As many as 100 troops of China’s People’s Liberation Army intruded into Indian territory in Uttarakhand’s Barahoti on August 30, sources said on Tuesday. The troops came on horses and stayed for “three hours”.
Sources further said that the Chinese army destroyed foot bridge, but there was no faceoff with Indian forces. “By the time, the Army and ITBP troops came, the PLA soldiers had left,” sources added. Amid the reports, chief minister Pushkar Singh Dhami has said that the government has “no such information.”
This comes even as military confrontation in eastern Ladakh continues into 17 months.
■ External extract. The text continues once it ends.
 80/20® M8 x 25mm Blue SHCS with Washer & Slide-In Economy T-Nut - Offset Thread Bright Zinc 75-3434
A Times of India report had quoted their sources as saying that the latest surveillance and intelligence reports show the People’s Liberation Army has constructed “new modular container-based accommodations” for its soldiers in “at least eight more forward locations” along the Line of Actual Control (LAC) opposite eastern Ladakh.
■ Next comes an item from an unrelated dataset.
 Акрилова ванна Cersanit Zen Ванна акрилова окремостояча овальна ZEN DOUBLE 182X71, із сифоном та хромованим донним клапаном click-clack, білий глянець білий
Both India and China continue to maintain around 50,000 soldiers each, backed by howitzers, tanks and surface-to-air missile systems in the “immediate depth areas” along the LAC in eastern Ladakh.
Amidst the uneasy calm, both armies have been regularly rotating their troops due to the harsh terrain and oxygen deprivation in the high-altitude area, while deploying aircraft and drones to keep tabs on each other.
The border standoff between the Indian and Chinese armies erupted in May last year following a violent clash in the Pangong lake area and both sides gradually enhanced their deployment by rushing in tens of thousands of soldiers as well as heavy weaponry.
As a result of a series of military and diplomatic talks, the two sides completed the withdrawal of troops and weapons from the north and south banks of the Pangong lake in February.
A similar disengagement process was carried out in the Gogra area last month, in a significant forward movement towards the restoration of peace and tranquillity in the region.